AS ROMA NEWS MOURINHO – Ci ha provato anche ieri: «Per me la prima finale è quella contro il Torino. È però difficile farlo capire a Roma. C’è un’euforia generale che si sente e non aiuta a direzionare il focus in una partita. Io non ho problemi, mi è accaduto al Porto e all’Inter di dover vincere lo scudetto all’ultima giornata prima di disputare la finale di Champions. Qui invece è diverso. È una cosa che si sente al ristorante, al supermercato, ovunque. La gente non ti dice andiamo a Torino, esiste solo Tirana».
Non è una resa, quella di Mourinho, ma poco ci manca, scrive Il Messaggero. Anche per un vincente come lui, riuscire a focalizzarsi sul match di domani, fondamentale per raggiungere la qualificazione in Europa League già in campionato, è un’impresa ardua. José l’attribuisce al fattore esterno, al fatto che c’è «una città piena di gioia per giocare una finale con il 50% di possibilità di vincere un trofeo» ma non dimentica che il traguardo poteva esser stato già tagliato: «Mi dà frustrazione a pensare che meritavamo di essere quinti con tanti punti di vantaggio e non lo siamo. Perché? Per arbitri e Var contro di noi, per arbitri e Var a favore dei nostri avversari, per alcuni miei errori, per sfortuna, sono tanti i fattori».
Non arretra di un centimetro.

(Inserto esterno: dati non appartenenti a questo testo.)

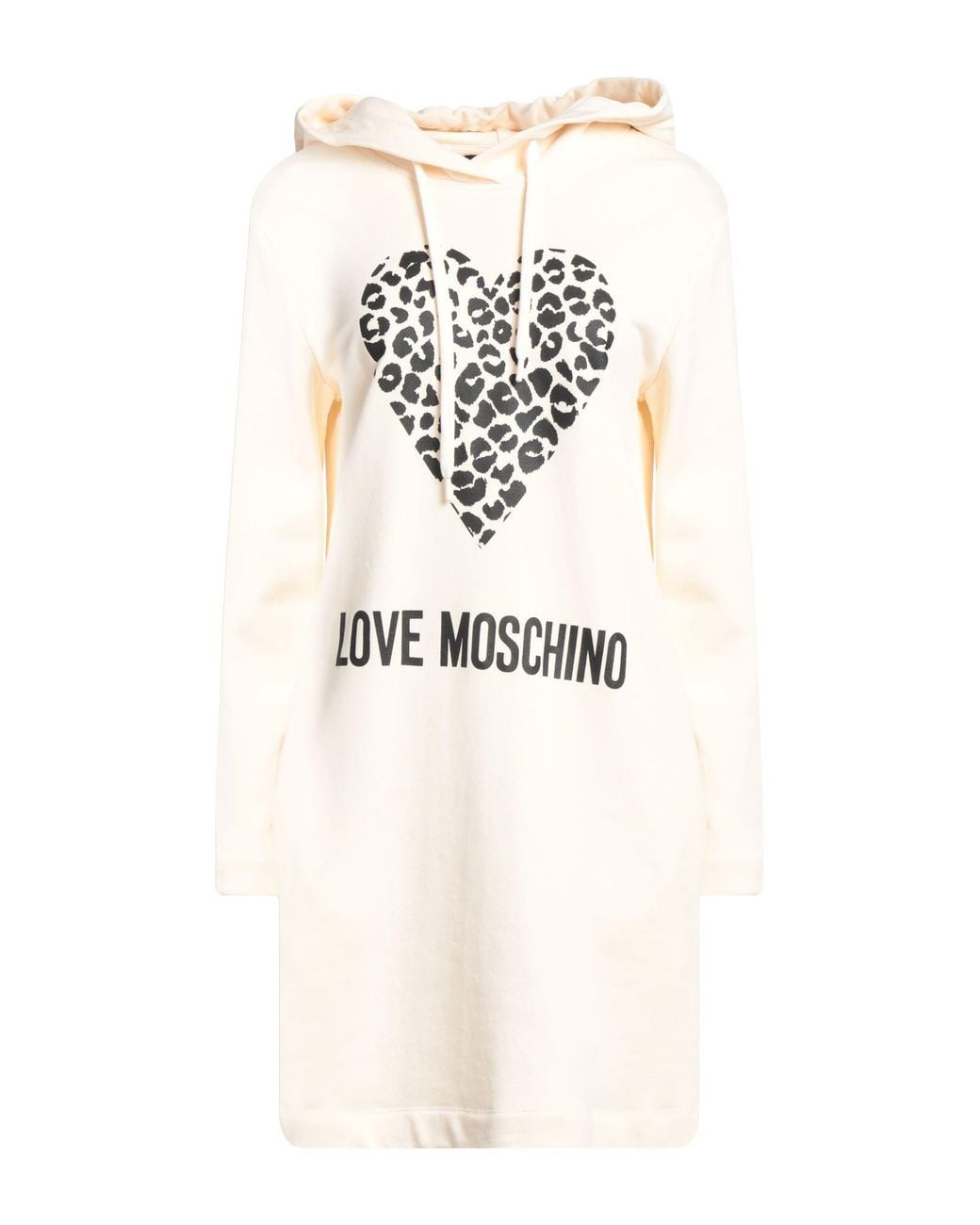 Love Moschino White Mini Dress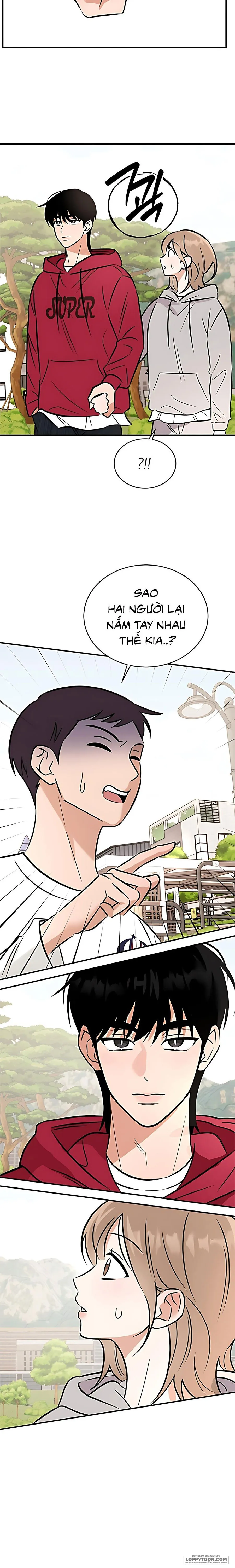 Nhật Ký Học Bơi Chap 9 - trang 20
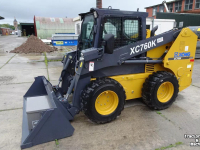 Wheelloader XCMG Schranklader XC760K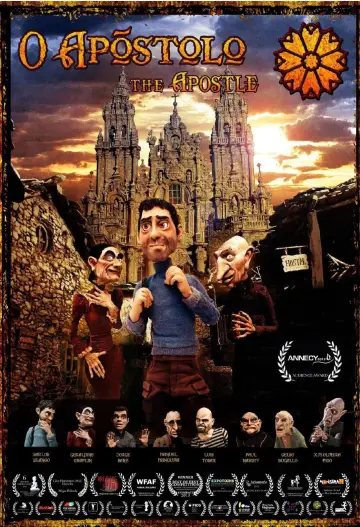 Plakat do filmu "O Apóstolo" #471696
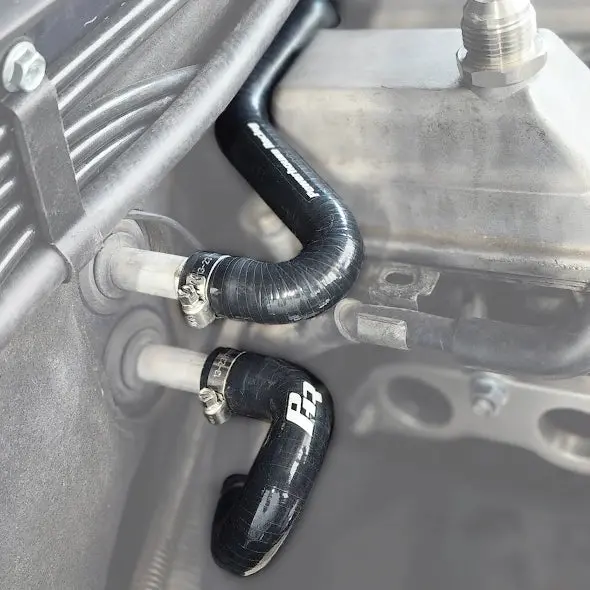 Power House Racing - Phr Heater Hose Kit For Single Turbo 2Jz Ge Is300 / Altezza - 03090610 / 03090611 1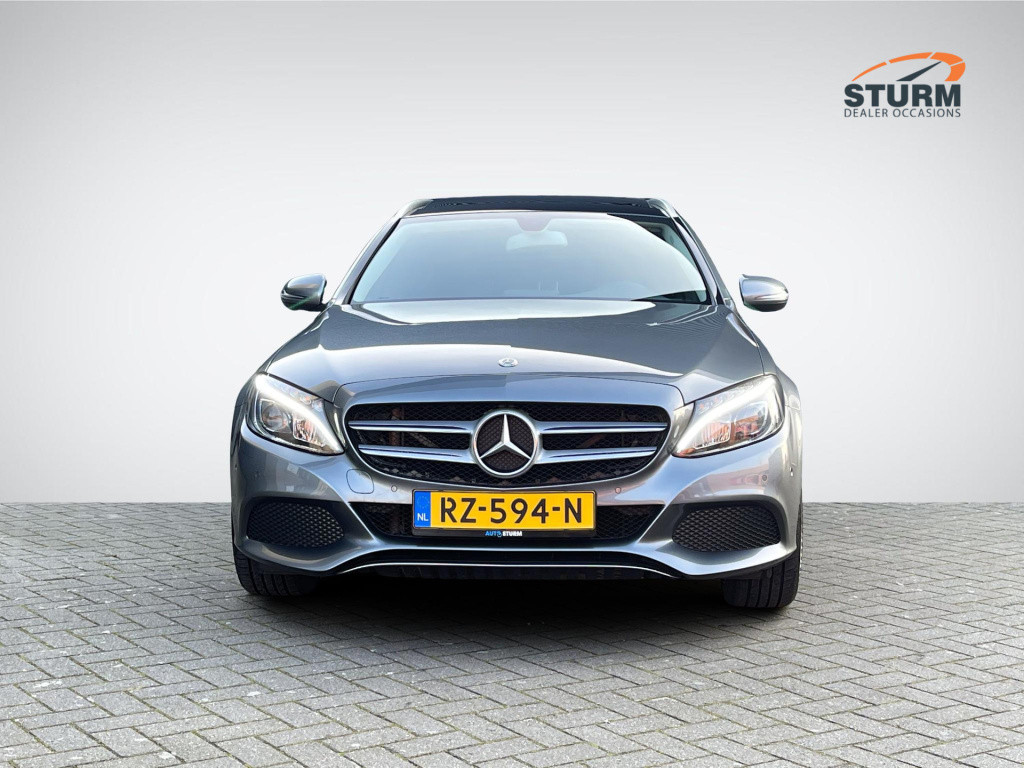 Mercedes-Benz C-Klasse estate 180 premium plus | panoramadak | leder | led 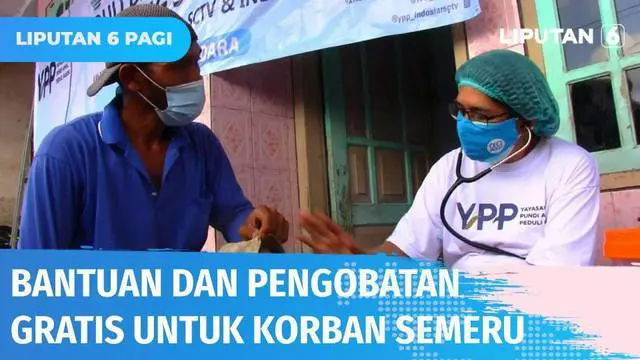 Emtek Peduli Semeru, Yayasan Pundi Amal Peduli Kasih SCTV-Indosiar kembali memberikan bantuan kepada para penyintas bencana Gunung Semeru di Lumajang, Jawa Timur. Bekerjasama dengan Yayasan Karya Alpha Omega, bantuan kesehatan diberikan beserta ratus...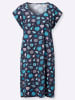 Sieh an! Sommerkleid in marine-bedruckt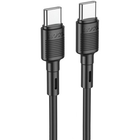 Кабель Hoco X83 Victory Type-C to Type-C 60W 1m (black)
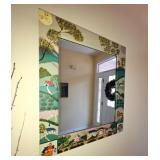 Folk Art Mirror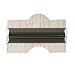 Johnson Level & Tool 2206 6-Inch Ruled Contour Duplication Gauge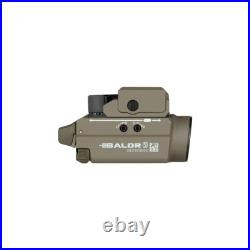 Olight Baldr S Flat Dark Earth (Coyote) Light, White Light (800 L) withGreen Laser
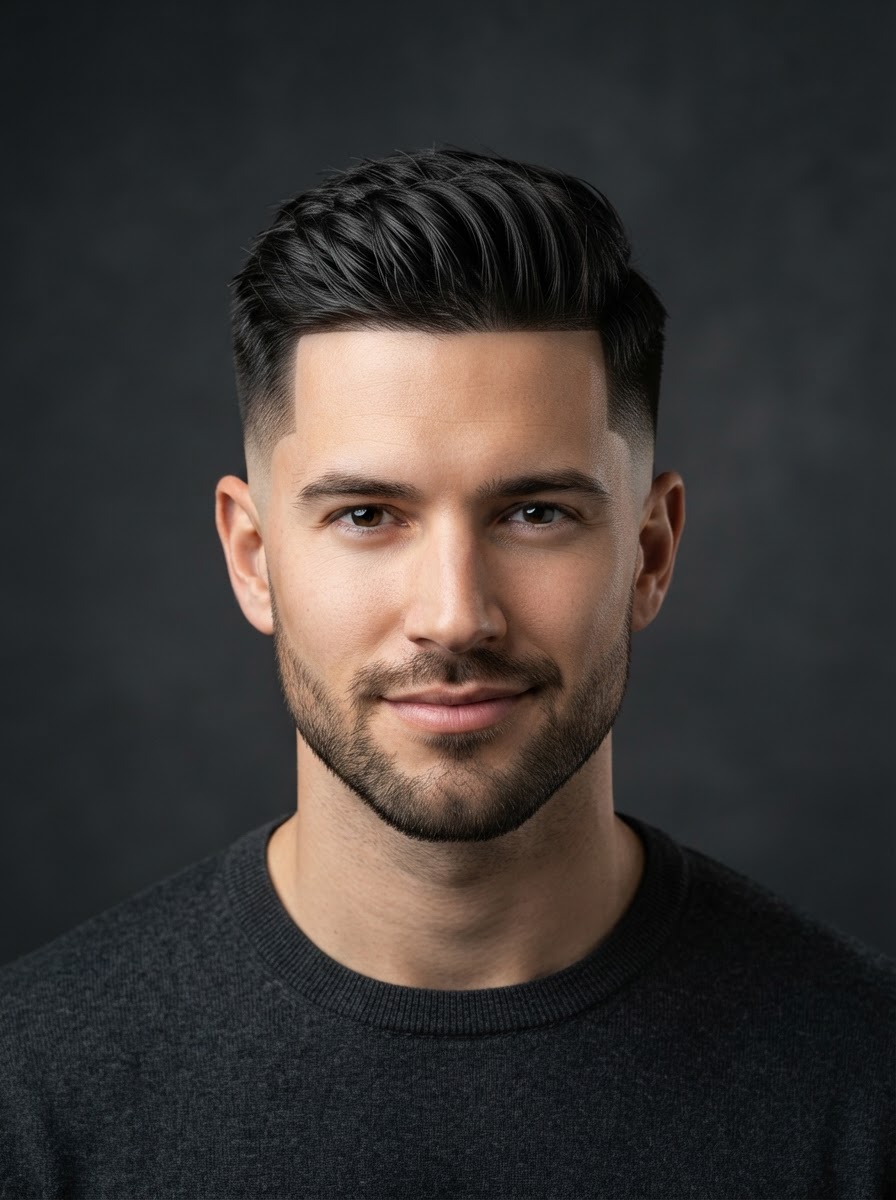 Low Taper Fade haircut style
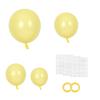 129 Pieces Of And Arch Set, Gold Birthday Decoration, Suitable For Women And Girls, Light Chrome Plated Gold Latex , Weddin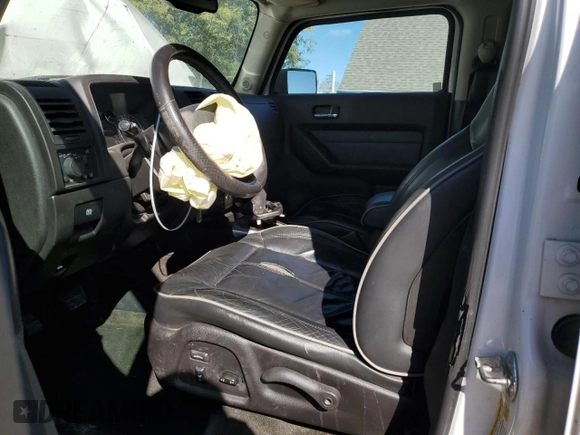 2009 Hummer H3 SUV Luxury with VIN 5GTEN13E698110109, listed as a Copart auction lot 75232484 with 0 mi miles and Clean Title. Bid and sale history available at carsss.com. Image 7.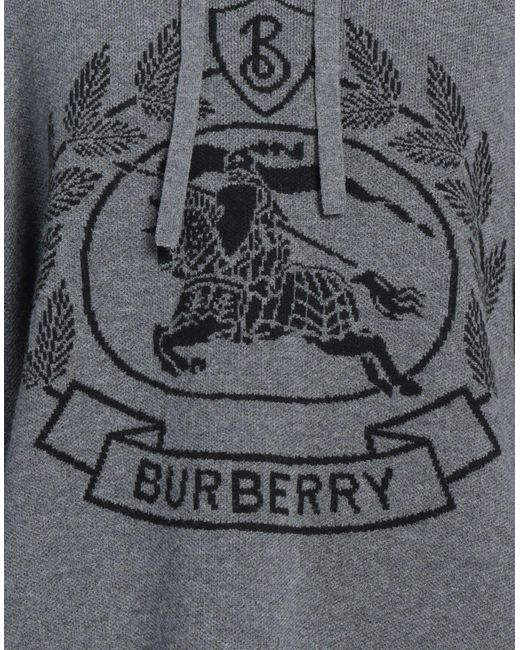 Burberry Gray Jumper for men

Anche se il contesto è diverso, la platea ospita nel media day voluto dalla Uefa a Trigoria un paio di giornalisti olandesi e albanesi, il tarlo arbitrale non lo abbandona. Avverte che il rischio è dietro l’angolo: «Abbiamo due finali da giocare e ipoteticamente si possono perdere tutte e due e finire fuori dalle coppe. Lo so, non è una situazione facile da gestire». Anche perché l’infermeria è tornata di colpo piena: «Mkhitaryan ha zero possibilità per Torino e poche per mercoledì. Zaniolo poche per Torino, di più per Tirana. Smalling è infortunato, non gioca domani ed è in dubbio per la finale. Karsdorp è quello che può recuperare più facilmente».
Al netto di un pizzico di pretattica, si addolcisce quando gli chiedono di Tirana («Giocare in Albania è un piacere doppio anche se lo stadio è piccolo ma non sarebbe bastato nemmeno il Bernabeu»), l’ottava finale a livello europeo della sua carriera: «Questa però sarà la più importante…». Pausa teatrale per poi terminare il concetto: «Perché devo ancora giocarla e magari vincerla. Voglio certamente il trofeo per me stesso, ma lo vorrei più per la gente che non vive un momento così da tempo. Da quando sono qui, sono diventato meno egocentrico. Sto bene a Roma e si vede. Io come Ferguson allo United? No, vuol dire che dovrei restare sino a 79 anni. Meglio pensare a questo triennio, poi vedremo».
Presente e futuro continuano a intrecciarsi. Così quando gli viene chiesto cosa manca per competere con le altre big, preferisce non rispondere. Lo farà a fine conferenza, avvicinandosi alla giornalista che gli aveva posto il quesito, sussurrandole all’orecchio la parola «soldi». E aggiungendo: «Hai capito perché non potevo risponderti?».
Tuttavia il fatto di aver sposato un progetto diverso, non lo spaventa. L’importante è essere chiari: «Guardate Ancelotti – spiega – Carlo aveva un problema. Perché se alleni l’Everton non puoi vincere la Champions. Per me è stato lo stesso. La gente pensava che alcune mie avventure fossero mirate ai successi immediati ma non lo erano. Il confronto con i tecnici più giovani? Il discorso è uguale a quello che faccio per i giocatori. Ci sono elementi bravissimi a 20 anni e a 40. Il gol che ha fatto domenica Quagliarella a 40 anni, mi piacerebbe che lo facessero i miei giovani di 20. Con lui in campo probabilmente avremmo segnato contro il Venezia… Nella vita non c’è età, ma qualità e passione. Se mancano, sei finito». Non è certo il suo caso.